それだけではなく、配分の問題もあります。マルクスが言うように、人間は本当に必要なものだけを要求するような質素な生活に甘んじることができるのでしょうか。
好きな彼女が出来たら、彼女の気を引くために贅沢な物が必要になるし、みんなのために働くよりも彼女のために働くようになるのではないでしょうか。異性の気を引くというのは生物としての本能の問題で、人間性の改造によって克服できるような簡単なことではないでしょう。
マルクスは、「共産主義社会になったら、労働することが生きがいになり、幸せになれる」と言いました。しかし、なぜ働くことが生きがいになるのか、納得のいく説明を彼はすることができませんでした。
「人間疎外」とか「弁証法」などという哲学用語を使って説明しようとしたのですが、事実に基づいた科学的なものではなく、単に頭の中でこれらの言葉を並べていただけです。
いくら社会体制が変わったからといって、仕事の本質は同じはずです。仕事を一生懸命にやれば、面白くなってきます。それと同時に緊張が続き、疲れてきます。

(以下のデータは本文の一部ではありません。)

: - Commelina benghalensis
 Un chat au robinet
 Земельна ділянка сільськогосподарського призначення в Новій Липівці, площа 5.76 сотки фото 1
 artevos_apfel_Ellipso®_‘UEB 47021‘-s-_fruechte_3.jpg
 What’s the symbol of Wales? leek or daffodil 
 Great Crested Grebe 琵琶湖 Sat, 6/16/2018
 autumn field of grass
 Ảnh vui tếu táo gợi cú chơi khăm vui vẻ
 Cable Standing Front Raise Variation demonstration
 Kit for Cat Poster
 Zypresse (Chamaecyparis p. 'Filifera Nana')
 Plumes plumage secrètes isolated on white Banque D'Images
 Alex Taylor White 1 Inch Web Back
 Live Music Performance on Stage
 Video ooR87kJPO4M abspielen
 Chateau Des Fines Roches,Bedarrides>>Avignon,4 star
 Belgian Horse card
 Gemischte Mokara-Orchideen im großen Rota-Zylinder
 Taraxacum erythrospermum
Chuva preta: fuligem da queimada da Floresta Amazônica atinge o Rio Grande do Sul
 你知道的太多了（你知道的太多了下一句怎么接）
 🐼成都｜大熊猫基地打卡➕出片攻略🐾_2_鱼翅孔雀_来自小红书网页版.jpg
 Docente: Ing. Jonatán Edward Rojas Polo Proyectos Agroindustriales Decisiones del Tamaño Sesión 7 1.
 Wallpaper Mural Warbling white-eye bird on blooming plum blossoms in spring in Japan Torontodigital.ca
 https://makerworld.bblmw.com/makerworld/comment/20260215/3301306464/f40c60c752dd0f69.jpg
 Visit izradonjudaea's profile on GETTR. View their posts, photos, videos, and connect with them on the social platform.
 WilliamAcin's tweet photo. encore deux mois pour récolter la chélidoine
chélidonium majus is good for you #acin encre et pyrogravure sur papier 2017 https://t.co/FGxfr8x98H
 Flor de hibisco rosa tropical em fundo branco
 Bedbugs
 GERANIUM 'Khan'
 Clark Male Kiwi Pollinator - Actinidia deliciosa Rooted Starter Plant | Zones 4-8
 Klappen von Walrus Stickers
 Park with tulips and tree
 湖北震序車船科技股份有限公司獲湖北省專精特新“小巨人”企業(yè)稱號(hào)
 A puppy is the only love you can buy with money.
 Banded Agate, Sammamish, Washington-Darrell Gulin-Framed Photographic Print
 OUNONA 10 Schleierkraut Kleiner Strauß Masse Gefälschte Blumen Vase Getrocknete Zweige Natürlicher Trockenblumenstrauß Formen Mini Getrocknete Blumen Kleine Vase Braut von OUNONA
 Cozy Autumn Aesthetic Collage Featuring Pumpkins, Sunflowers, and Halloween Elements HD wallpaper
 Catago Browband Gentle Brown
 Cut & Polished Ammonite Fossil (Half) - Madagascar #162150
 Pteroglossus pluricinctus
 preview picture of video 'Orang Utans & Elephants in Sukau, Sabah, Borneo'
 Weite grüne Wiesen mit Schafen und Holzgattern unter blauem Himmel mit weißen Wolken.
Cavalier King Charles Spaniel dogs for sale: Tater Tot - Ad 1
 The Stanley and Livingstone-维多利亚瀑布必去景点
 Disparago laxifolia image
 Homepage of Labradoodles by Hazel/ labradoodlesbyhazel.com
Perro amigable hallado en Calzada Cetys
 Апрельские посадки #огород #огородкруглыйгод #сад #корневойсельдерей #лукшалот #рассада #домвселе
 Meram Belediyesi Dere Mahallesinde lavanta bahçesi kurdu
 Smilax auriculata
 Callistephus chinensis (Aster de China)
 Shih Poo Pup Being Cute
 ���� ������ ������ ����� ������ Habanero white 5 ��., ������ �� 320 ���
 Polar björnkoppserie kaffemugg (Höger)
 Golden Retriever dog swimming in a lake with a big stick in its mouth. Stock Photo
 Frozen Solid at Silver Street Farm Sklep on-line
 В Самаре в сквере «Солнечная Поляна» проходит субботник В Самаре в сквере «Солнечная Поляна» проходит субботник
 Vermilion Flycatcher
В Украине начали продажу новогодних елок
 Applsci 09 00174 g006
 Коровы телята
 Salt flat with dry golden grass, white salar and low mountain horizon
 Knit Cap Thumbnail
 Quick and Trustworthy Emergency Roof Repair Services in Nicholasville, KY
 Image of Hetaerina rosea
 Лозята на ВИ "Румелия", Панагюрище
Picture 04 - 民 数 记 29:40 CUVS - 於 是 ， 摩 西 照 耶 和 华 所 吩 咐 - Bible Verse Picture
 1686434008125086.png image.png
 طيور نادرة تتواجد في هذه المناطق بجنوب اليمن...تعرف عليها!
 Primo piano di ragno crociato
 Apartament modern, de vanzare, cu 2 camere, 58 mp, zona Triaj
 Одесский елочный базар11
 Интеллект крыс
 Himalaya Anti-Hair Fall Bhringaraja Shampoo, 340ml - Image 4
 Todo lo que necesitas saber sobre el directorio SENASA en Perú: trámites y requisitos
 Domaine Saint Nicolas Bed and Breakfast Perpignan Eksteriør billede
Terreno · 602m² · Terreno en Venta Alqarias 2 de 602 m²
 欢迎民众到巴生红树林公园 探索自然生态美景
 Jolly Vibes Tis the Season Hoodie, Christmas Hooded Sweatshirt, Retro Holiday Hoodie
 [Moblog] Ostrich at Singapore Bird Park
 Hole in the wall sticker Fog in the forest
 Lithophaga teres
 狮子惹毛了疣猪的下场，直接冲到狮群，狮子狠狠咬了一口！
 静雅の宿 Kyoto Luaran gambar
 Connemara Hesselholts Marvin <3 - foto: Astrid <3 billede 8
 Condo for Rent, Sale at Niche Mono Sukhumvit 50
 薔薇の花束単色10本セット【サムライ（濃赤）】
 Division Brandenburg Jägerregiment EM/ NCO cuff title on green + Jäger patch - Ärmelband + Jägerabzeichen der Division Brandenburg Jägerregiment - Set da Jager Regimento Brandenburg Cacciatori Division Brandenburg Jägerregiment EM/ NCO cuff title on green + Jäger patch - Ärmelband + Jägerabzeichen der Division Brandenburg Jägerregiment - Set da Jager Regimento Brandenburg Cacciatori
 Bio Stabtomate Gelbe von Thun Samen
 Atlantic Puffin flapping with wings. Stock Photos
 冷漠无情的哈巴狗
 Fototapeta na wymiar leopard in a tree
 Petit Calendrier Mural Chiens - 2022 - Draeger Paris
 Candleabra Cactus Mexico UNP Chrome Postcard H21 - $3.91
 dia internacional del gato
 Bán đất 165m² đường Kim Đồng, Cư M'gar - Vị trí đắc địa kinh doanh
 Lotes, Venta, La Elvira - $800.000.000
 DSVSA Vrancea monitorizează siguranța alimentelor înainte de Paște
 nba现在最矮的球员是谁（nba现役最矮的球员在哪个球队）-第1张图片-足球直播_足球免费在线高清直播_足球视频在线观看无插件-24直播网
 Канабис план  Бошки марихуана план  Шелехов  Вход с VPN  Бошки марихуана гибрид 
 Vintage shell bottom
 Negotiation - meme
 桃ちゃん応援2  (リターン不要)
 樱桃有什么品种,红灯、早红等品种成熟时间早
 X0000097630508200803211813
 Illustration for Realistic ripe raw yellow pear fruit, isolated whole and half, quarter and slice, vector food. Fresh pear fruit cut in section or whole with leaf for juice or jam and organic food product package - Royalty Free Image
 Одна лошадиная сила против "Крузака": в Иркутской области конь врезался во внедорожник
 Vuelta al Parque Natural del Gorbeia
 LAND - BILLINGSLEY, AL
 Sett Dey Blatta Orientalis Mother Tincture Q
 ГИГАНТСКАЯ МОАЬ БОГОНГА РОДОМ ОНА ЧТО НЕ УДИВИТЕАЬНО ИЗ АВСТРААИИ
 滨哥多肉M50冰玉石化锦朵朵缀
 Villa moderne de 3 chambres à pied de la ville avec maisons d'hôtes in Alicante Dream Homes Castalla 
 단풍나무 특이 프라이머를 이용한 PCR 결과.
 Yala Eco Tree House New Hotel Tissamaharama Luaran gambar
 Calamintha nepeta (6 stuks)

私は昔から、マルクスの言葉にどうにも納得できませんでした。
事実、ソ連時代のロシア人が働き者だったという話は聞かないし、今の支那人(支那は建前上は共産主義国家です)が自分たちの生活に満足した幸せいっぱいの人たちだ、などと言っても笑われるだけです。
共産主義のキャッチフレーズである、「能力に応じて働き、必要に応じて受け取る」というのは、どう考えても実現が不可能です。